Data Info#

The DataInfo object stores almost all the useful information from the original data. We admit there may be too much information in this object, but for the ease of use of the library, we’ve decided not to split it. So almost every model has a data_info attribute that is used to make recommendations. Additionally, when saving and loading a model, the corresponding DataInfo should also be saved and loaded.

When using a feat model, the DataInfo object stores the unique features of all users/items in the training data. However, if a user/item has different categories or values in the training data (which may be unlikely if the data is clean :)), only the last one will be stored. For example, if in one sample a user’s age is 20, and in another sample this user’s age becomes 25, then only 25 will be kept. So here we basically assume the data is always sorted by time, and you should do so if it doesn’t.
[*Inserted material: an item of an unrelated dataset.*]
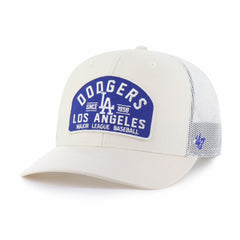 Los Angeles Dodgers Leland Adjustable Trucker Hat - White | 47 brand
Therefore, when you call model.predict(user=..., item=...) or model.recommend_user(user=...) for a feat model, the model will use the stored feature information in DataInfo.
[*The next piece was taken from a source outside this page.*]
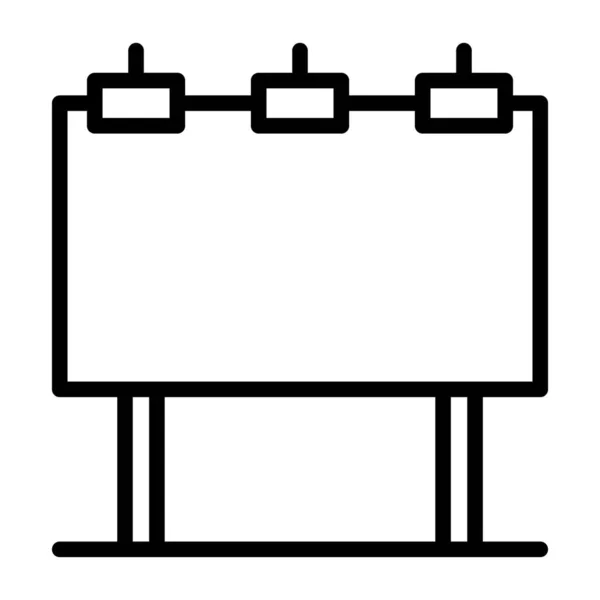 公共の媒体 看板のラインベクトルでの通知または発表 — ストックベクタ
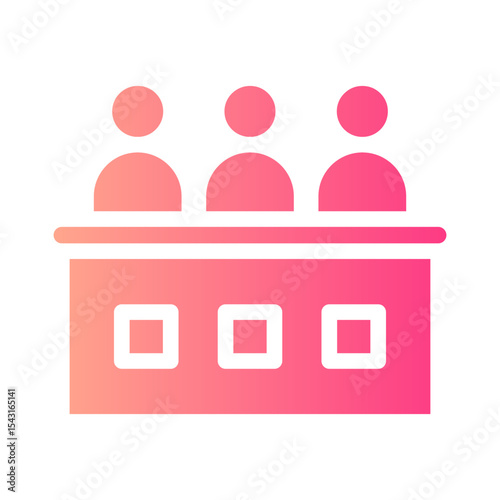 jury gradient icon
The DataInfo object also stores users’ consumed items, which can be useful in sequence models and unconsumed sampler.

Changing User/Item Features#

It is also possible to change the unique user/item feature values stored in DataInfo, then the new features would be used in prediction and recommendation.

>>> data_info.assign_user_features(user_data=data)
>>> data_info.assign_item_features(item_data=data)

The passed data argument is a pandas.DataFrame that contains the user/item information. Be careful with this assign operation if you are not sure if the features in data are useful.